De tout temps, la ville a évolué et s’est renouvelée au rythme des progrès technologiques

Il n’en demeure pas moins que ces technologies restent sujettes à caution pour certains : risque d’utilisation de nos données de déplacements et d’usages dans l’espace public, ou perte de contrôle de la data ainsi valorisée. Ces inquiétudes sont, à notre avis, en partie fantasmées, du moins en France. On sait depuis longtemps déléguer la gestion d’un service public à une entreprise privée et la laisser innover dans le respect d’un cahier des charges. La nouveauté avec les smart cities, c’est la gestion des données : il faut les recueillir et les partager alors que les services publics et urbains sont opérés à la fois par des entités publiques et des acteurs privés. Cela suppose, à court terme, une agilité réglementaire et une modernisation de la relation entre opérateurs publics et privés.

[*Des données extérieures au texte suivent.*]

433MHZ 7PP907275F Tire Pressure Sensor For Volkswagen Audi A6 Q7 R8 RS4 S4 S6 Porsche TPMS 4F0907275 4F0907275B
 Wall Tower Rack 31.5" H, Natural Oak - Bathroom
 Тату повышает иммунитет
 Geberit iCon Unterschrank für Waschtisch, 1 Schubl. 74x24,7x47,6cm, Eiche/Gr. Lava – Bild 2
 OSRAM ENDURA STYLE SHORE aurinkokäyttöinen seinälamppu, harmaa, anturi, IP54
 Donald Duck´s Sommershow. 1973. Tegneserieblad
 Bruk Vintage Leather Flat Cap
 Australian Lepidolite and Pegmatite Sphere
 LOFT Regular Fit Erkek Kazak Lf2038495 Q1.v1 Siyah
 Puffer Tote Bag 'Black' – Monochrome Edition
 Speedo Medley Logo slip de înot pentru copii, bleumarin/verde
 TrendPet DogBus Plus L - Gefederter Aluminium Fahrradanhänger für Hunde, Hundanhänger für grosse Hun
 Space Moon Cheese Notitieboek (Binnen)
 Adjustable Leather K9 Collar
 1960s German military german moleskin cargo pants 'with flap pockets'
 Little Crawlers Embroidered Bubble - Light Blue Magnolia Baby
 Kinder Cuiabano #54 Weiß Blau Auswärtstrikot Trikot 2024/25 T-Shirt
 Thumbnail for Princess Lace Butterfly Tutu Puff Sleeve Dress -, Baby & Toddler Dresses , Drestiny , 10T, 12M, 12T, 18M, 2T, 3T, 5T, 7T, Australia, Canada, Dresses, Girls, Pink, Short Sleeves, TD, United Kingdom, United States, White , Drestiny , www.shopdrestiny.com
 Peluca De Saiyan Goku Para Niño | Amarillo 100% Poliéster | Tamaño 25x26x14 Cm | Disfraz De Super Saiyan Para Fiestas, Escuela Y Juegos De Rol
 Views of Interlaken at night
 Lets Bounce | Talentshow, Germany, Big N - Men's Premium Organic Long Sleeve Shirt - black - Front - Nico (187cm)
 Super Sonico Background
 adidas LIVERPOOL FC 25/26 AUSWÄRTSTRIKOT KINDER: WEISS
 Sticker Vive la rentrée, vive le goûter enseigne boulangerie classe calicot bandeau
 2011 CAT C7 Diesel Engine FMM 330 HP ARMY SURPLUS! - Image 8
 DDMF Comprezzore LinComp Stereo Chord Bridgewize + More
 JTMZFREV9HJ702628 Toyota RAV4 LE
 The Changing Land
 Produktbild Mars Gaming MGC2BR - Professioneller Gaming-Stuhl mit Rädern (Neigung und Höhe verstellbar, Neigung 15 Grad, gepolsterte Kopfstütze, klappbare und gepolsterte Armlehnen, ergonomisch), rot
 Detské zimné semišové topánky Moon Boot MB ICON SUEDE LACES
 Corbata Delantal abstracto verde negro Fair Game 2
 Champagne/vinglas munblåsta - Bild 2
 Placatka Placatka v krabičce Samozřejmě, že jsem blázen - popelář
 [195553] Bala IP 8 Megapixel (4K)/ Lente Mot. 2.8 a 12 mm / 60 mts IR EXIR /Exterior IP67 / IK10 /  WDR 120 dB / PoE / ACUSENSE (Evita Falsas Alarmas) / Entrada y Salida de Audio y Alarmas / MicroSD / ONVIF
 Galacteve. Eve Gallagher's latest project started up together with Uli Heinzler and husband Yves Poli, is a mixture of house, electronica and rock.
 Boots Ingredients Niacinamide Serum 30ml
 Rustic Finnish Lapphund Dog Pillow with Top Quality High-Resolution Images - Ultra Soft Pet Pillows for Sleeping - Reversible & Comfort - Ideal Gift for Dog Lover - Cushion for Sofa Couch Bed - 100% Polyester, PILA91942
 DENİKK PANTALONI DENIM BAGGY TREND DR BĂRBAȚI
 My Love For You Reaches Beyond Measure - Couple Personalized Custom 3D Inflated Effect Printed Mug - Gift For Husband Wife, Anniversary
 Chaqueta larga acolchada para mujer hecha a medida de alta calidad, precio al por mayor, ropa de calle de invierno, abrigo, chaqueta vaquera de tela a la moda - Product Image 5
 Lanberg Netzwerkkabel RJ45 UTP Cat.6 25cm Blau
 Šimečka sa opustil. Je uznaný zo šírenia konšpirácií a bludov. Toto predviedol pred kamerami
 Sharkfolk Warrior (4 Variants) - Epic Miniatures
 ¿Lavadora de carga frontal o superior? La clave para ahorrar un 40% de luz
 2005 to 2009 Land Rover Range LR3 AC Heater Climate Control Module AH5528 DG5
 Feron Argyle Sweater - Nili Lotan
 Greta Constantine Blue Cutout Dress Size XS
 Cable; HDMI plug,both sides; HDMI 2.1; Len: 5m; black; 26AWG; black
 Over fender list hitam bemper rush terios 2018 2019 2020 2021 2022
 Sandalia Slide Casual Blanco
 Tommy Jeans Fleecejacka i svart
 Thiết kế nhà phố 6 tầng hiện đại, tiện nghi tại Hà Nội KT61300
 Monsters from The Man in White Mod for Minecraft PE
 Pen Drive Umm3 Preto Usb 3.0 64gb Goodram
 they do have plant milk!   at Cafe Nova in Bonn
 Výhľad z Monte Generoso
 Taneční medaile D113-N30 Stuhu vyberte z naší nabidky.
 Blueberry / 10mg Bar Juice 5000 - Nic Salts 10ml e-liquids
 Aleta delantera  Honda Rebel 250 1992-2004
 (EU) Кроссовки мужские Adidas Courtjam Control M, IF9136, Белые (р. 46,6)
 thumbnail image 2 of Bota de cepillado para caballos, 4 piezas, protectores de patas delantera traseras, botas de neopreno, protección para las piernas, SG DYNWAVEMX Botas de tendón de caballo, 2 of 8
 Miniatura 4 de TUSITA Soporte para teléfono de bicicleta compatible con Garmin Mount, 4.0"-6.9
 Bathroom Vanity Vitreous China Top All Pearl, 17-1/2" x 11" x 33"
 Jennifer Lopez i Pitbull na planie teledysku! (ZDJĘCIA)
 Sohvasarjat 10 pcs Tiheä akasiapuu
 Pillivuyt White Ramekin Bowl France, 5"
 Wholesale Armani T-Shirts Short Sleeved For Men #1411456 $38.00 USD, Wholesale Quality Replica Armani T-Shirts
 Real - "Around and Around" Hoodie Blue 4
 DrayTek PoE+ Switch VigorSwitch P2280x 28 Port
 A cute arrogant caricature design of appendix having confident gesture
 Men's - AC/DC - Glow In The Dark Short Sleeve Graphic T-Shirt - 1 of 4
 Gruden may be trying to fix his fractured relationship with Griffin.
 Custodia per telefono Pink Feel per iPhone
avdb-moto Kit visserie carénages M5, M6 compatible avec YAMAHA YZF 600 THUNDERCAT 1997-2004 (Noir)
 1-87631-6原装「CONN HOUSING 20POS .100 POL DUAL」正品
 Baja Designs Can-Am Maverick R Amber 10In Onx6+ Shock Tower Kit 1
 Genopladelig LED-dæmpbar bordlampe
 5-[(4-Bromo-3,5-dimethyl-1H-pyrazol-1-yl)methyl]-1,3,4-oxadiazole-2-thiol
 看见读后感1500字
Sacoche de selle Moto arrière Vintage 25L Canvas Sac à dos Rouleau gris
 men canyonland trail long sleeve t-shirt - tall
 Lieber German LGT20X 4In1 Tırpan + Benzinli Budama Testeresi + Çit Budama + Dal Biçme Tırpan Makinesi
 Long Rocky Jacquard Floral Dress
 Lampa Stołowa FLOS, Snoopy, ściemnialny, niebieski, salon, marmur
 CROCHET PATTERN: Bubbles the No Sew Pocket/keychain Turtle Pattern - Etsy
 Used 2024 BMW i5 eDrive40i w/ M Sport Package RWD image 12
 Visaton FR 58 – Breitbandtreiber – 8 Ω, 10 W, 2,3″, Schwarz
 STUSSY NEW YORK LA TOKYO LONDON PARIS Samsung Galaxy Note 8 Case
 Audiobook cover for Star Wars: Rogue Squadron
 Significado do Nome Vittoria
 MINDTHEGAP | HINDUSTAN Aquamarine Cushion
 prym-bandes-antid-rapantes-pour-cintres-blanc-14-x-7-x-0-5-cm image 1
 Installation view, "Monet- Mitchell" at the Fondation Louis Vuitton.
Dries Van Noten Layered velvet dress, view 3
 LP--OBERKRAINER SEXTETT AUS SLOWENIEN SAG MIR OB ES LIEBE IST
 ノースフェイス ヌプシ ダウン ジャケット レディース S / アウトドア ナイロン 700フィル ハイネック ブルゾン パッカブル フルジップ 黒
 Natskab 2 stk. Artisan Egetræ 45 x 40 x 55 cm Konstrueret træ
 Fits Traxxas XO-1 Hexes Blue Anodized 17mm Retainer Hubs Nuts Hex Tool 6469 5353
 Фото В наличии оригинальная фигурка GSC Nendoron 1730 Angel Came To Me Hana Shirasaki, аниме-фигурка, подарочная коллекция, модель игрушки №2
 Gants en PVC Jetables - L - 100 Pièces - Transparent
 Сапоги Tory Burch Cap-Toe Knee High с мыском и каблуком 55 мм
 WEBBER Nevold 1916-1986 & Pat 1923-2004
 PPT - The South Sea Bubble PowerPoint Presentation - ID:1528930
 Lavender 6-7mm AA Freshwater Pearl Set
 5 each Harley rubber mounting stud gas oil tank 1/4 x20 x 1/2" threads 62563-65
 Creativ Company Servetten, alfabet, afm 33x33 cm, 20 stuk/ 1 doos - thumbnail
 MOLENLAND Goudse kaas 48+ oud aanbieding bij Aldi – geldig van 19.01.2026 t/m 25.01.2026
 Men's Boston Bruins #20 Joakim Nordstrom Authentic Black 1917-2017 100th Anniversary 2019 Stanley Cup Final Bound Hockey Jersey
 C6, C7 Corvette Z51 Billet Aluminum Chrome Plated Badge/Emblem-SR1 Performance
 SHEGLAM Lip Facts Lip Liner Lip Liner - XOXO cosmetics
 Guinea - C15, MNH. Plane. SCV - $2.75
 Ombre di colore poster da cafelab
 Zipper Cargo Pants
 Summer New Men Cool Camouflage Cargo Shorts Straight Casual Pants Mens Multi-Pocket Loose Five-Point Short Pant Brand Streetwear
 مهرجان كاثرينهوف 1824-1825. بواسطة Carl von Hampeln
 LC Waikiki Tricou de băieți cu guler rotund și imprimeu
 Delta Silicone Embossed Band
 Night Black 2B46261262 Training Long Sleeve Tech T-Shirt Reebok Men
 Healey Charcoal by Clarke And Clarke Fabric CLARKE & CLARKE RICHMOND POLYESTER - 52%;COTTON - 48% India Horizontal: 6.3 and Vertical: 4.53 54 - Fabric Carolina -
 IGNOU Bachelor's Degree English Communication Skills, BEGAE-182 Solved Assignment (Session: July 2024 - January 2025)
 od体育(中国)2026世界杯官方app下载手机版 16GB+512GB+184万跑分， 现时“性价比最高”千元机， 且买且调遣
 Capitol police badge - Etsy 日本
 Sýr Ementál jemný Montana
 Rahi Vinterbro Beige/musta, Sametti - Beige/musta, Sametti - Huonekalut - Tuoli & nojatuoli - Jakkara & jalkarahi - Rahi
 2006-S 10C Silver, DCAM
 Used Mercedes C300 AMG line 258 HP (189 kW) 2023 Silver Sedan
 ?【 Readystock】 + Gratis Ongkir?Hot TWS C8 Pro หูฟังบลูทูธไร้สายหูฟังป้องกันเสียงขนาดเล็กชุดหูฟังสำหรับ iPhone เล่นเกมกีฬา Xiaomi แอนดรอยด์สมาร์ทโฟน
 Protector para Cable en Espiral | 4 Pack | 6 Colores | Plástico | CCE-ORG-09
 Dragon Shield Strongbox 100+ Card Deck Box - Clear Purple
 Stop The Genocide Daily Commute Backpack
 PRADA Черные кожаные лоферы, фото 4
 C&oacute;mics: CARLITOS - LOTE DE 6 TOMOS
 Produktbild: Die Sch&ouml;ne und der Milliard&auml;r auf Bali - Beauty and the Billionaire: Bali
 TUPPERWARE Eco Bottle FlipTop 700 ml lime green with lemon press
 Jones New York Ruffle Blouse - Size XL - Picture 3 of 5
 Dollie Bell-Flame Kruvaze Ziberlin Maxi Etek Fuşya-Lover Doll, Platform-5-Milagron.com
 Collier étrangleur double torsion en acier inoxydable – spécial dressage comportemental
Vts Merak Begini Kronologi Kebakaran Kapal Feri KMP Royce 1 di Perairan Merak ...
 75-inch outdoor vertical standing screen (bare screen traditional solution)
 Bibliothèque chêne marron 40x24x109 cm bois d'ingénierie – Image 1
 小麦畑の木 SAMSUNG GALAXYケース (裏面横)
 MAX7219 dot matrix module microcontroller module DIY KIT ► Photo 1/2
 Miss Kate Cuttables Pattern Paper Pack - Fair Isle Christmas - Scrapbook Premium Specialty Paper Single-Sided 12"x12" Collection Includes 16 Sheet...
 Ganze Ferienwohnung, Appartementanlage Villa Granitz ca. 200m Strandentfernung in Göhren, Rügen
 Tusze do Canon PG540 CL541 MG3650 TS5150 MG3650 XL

Finalement, le point de vue raisonnable ne serait-il pas celui de Ben Green, universitaire américain qui a travaillé deux ans comme data scientist pour la ville de Boston ? Dans un livre récent, The smart enough city (La ville suffisamment intelligente), il porte un regard nuancé sur l’impact de la technologie dans les villes. Pour lui, les villes ne peuvent pas être observées et encore moins administrées via l’unique prisme de la technologie car il tend à déformer la réalité en grossissant les problèmes qu’elle est appelée à résoudre. Les techniques de pointe nous font ainsi croire qu’elles nous procurent des solutions neutres et adaptées à toutes les problématiques, y compris sociales. L’enjeu n’est évidemment pas de s’opposer, par principe ou par idéologie, à l’innovation technologique, mais plutôt de favoriser une approche pragmatique et raisonnable.